### Aim of the task
Below are some entries. Repeat exactly the lines from the one with "Куртка зимняя женская" through the one with "PANTALON TECNICO OREGON NEGRO/NARANJA T.L", and only those.

### Stored data
>>>>
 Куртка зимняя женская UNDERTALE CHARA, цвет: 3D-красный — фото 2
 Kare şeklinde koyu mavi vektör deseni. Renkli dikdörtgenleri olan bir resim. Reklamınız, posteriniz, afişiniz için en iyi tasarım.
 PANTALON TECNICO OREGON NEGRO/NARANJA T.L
<<<<
>>>>
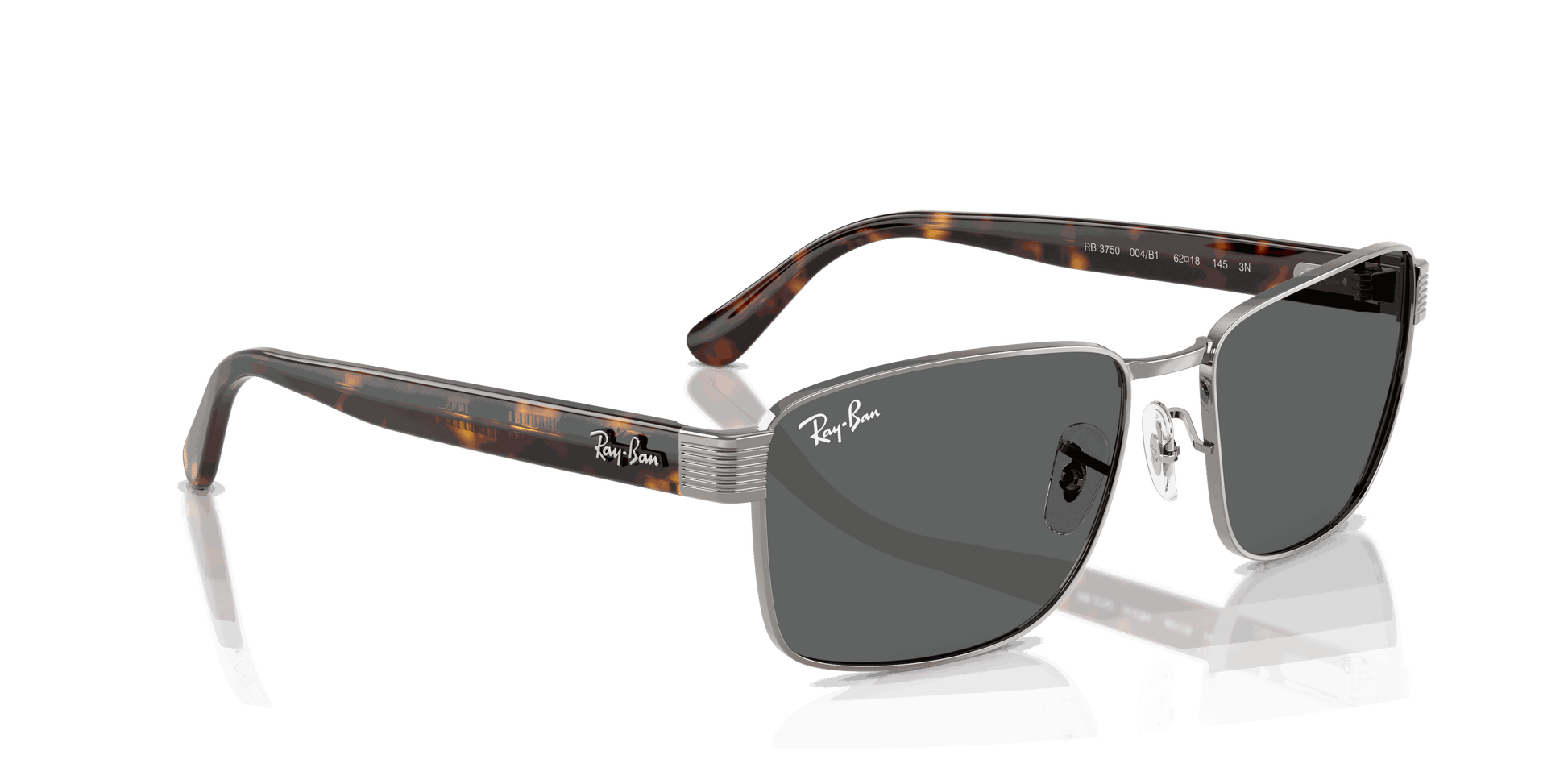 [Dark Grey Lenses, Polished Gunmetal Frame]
<<<<
>>>>
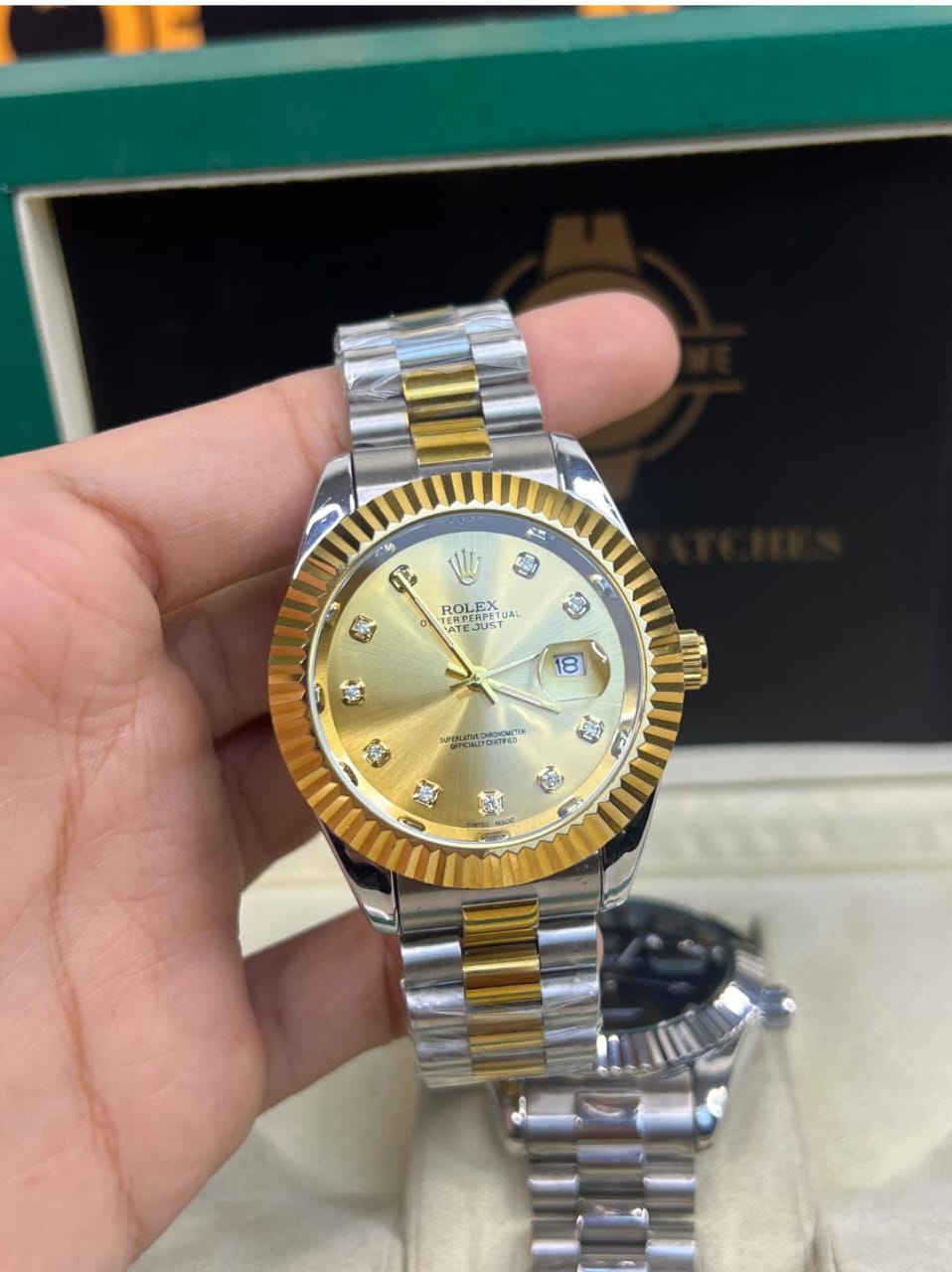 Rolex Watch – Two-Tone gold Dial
<<<<
### Worked solution
 Куртка зимняя женская UNDERTALE CHARA, цвет: 3D-красный — фото 2
 Kare şeklinde koyu mavi vektör deseni. Renkli dikdörtgenleri olan bir resim. Reklamınız, posteriniz, afişiniz için en iyi tasarım.
 PANTALON TECNICO OREGON NEGRO/NARANJA T.L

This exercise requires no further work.